↓

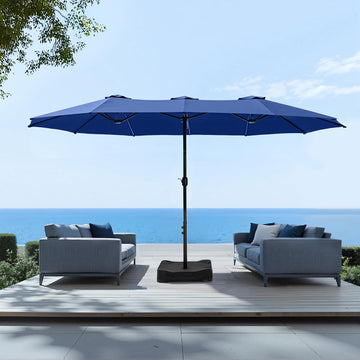 15 ft Extra Large Patio Umbrella with Base Included, Rectangular Outdoor Umbrella Heavy Duty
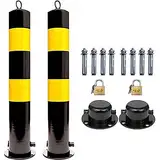 Stahl-Sicherheitspoller 2er-Pack mit 8 kostenlosen Ankerbolzen, abnehmbare Auffahrt und Gehweg-Poller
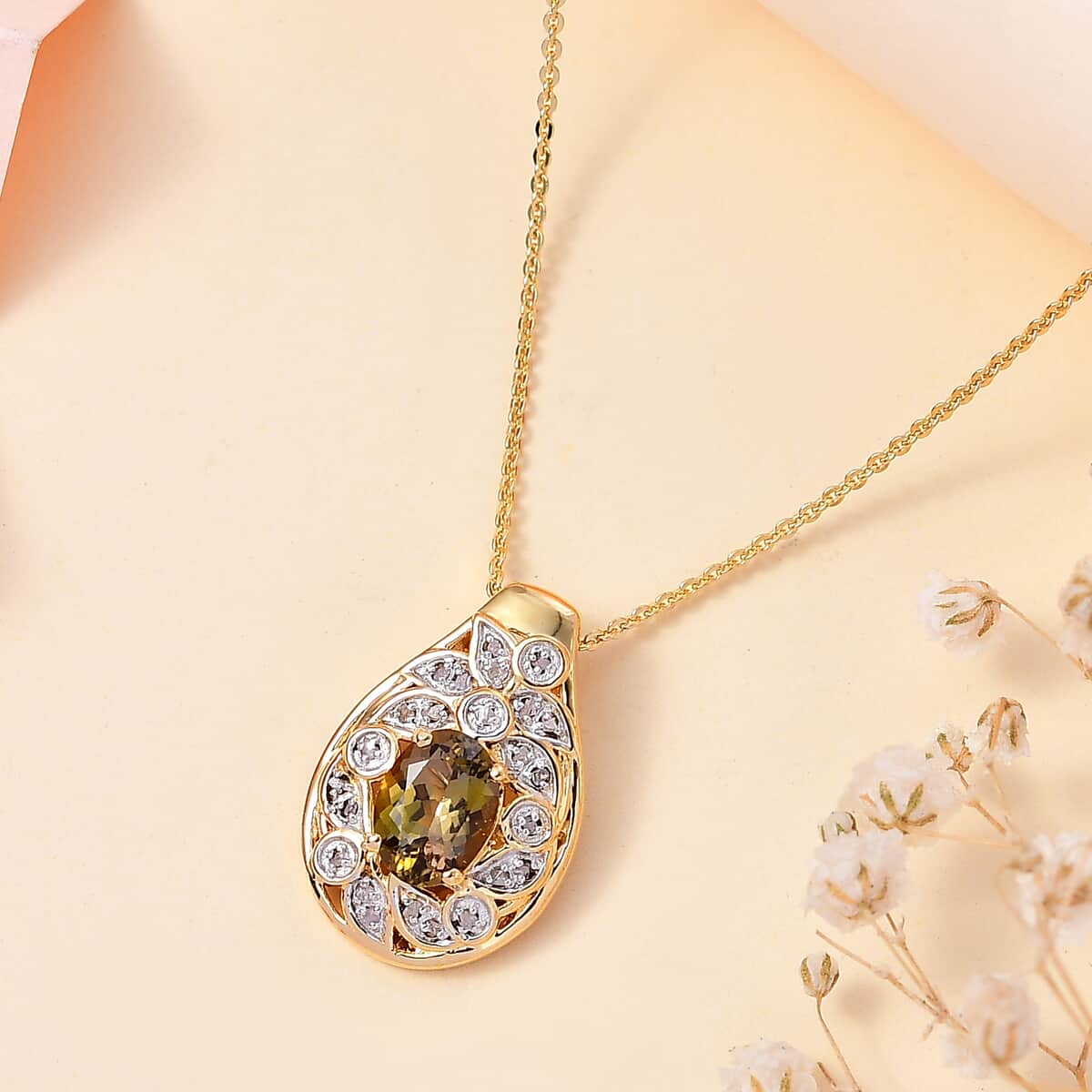 Golden Tanzanite and Uncut White Diamond 1.40 ctw Botanical Bliss Pendant Necklace in 18K Vermeil Yellow Gold Over Sterling Silver 20 Inches image number 1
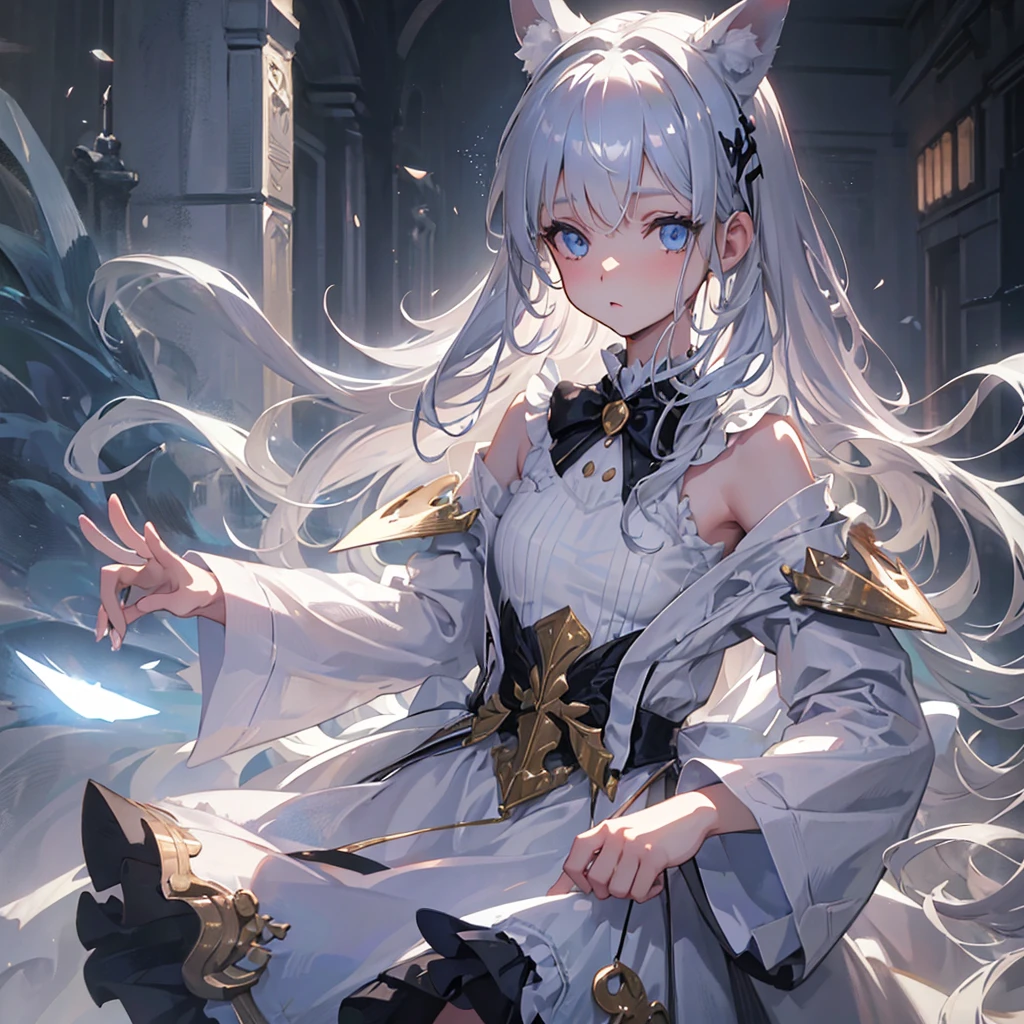 silver hair, dog ears, white dress,wavy hair,delicate features quiet gaze,beautiful half body illustration,beautiful backgraund,atmospheric lighting,sharp focus,vlumetric lighting,cute face,reduce saturation,fine detailed face,small nose and mouth,volumetric top lighting,bold line painting, soft shadow,((masterpiece, best quality)), (1girl), (solo), (female focus),small breasts,flat tits,ta,short height,skinny girl,blue eyes,open legs,animal ears,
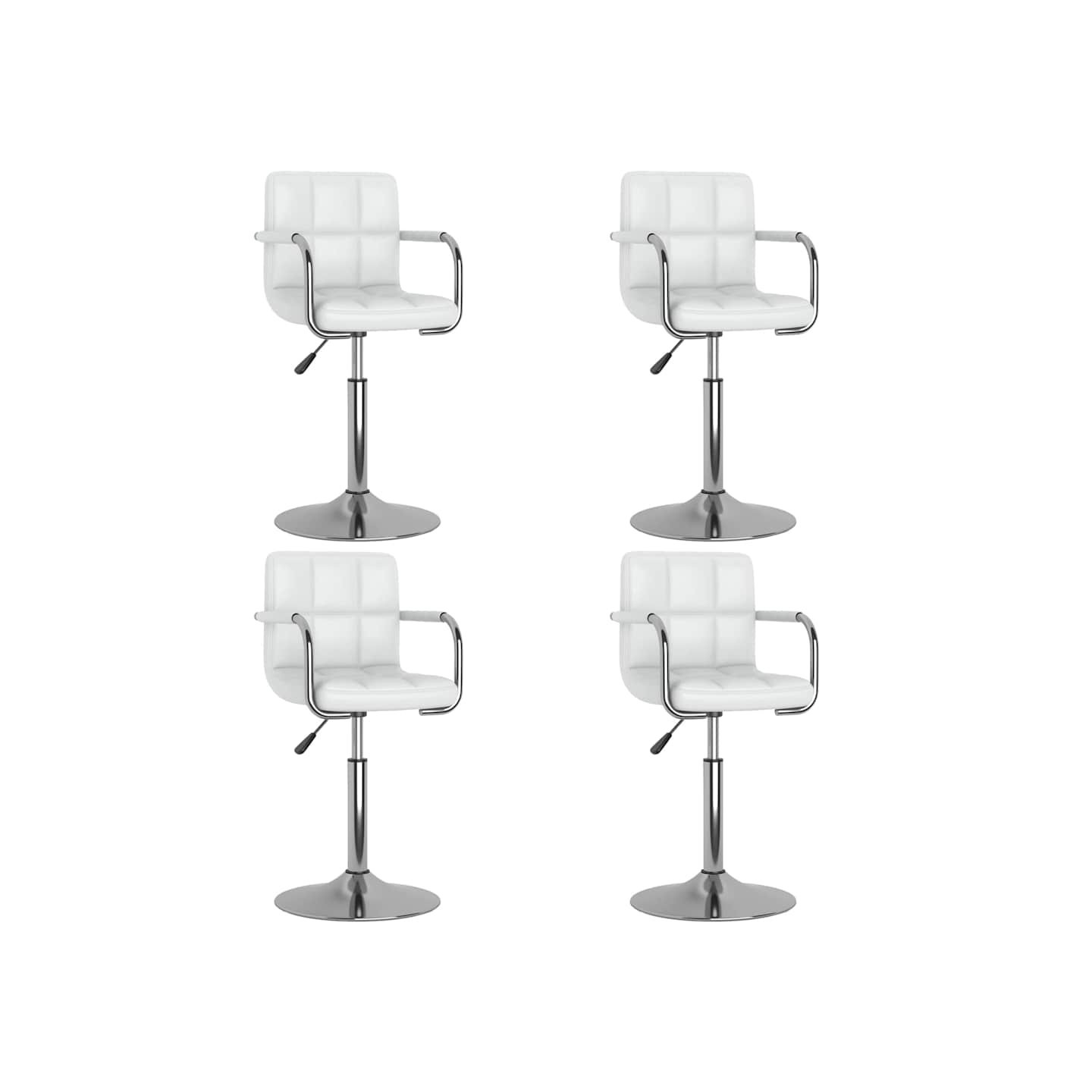 Chaises pivotantes à manger lot de 4 blanc similicuir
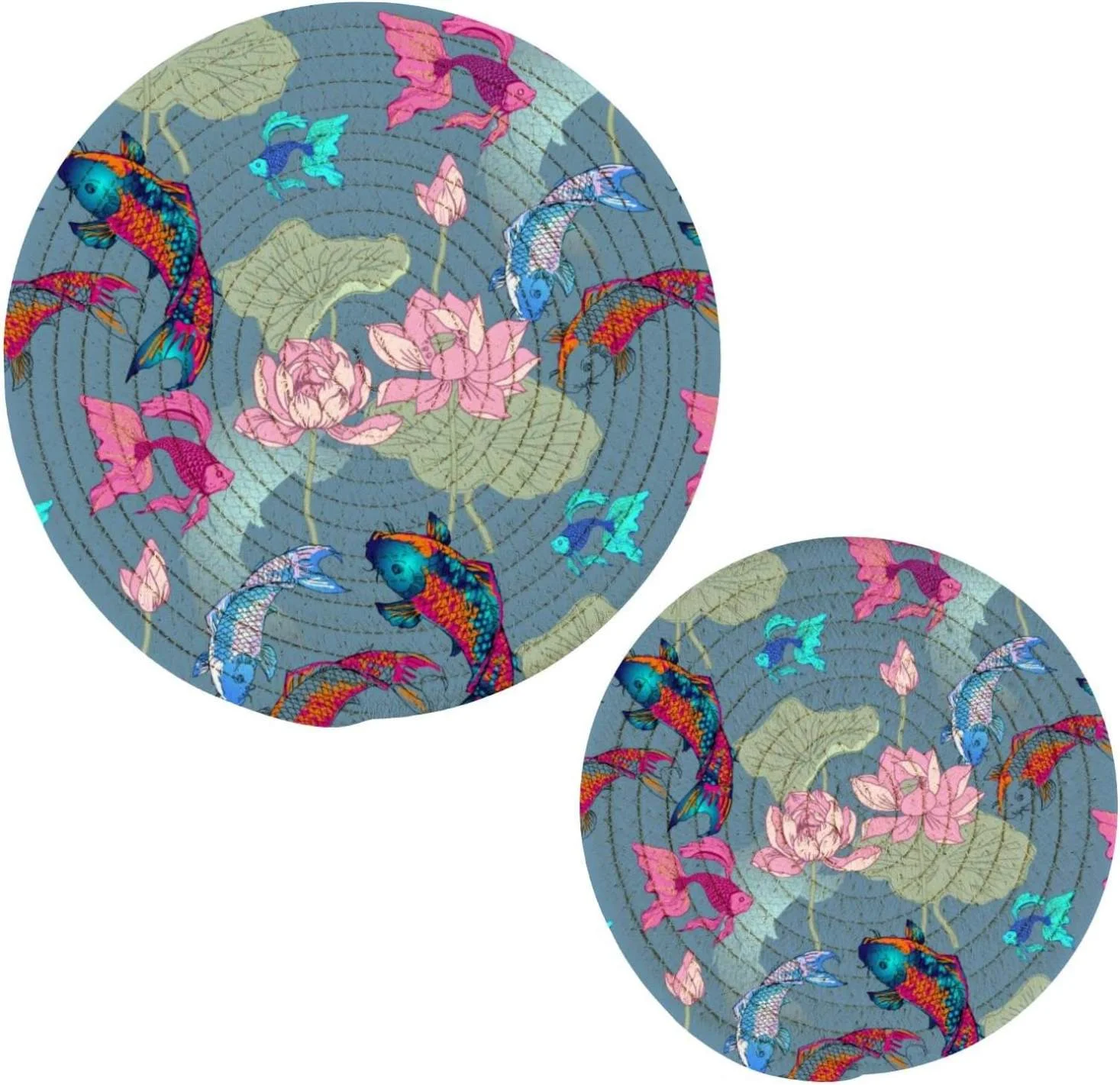 Japanese Koi Fish Asian Potholders Set Trivets Set 2 PCS, Oriental Water Lily Pot Holders for Kitchen, 100% Cotton Woven Hot Pads for Kitchen, Trivets for Kitchen Heat Resistant, 7.09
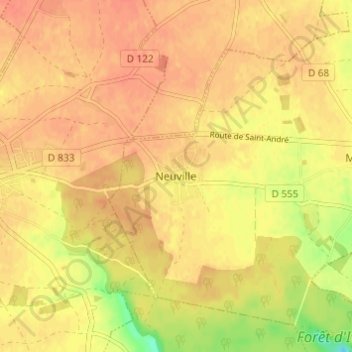 Topografische Karte Neuville, Höhe, Relief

↑

§ TASK DESCRIPTION
With the pictures excluded, the records are to be reproduced exactly.

§ RESPONSE AREA
 15 ft Extra Large Patio Umbrella with Base Included, Rectangular Outdoor Umbrella Heavy Duty
 Stahl-Sicherheitspoller 2er-Pack mit 8 kostenlosen Ankerbolzen, abnehmbare Auffahrt und Gehweg-Poller
 Golden Tanzanite and Uncut White Diamond 1.40 ctw Botanical Bliss Pendant Necklace in 18K Vermeil Yellow Gold Over Sterling Silver 20 Inches image number 1
 silver hair, dog ears, white dress,wavy hair,delicate features quiet gaze,beautiful half body illustration,beautiful backgraund,atmospheric lighting,sharp focus,vlumetric lighting,cute face,reduce saturation,fine detailed face,small nose and mouth,volumetric top lighting,bold line painting, soft shadow,((masterpiece, best quality)), (1girl), (solo), (female focus),small breasts,flat tits,ta,short height,skinny girl,blue eyes,open legs,animal ears,
 Chaises pivotantes à manger lot de 4 blanc similicuir
 Japanese Koi Fish Asian Potholders Set Trivets Set 2 PCS, Oriental Water Lily Pot Holders for Kitchen, 100% Cotton Woven Hot Pads for Kitchen, Trivets for Kitchen Heat Resistant, 7.09
 Topografische Karte Neuville, Höhe, Relief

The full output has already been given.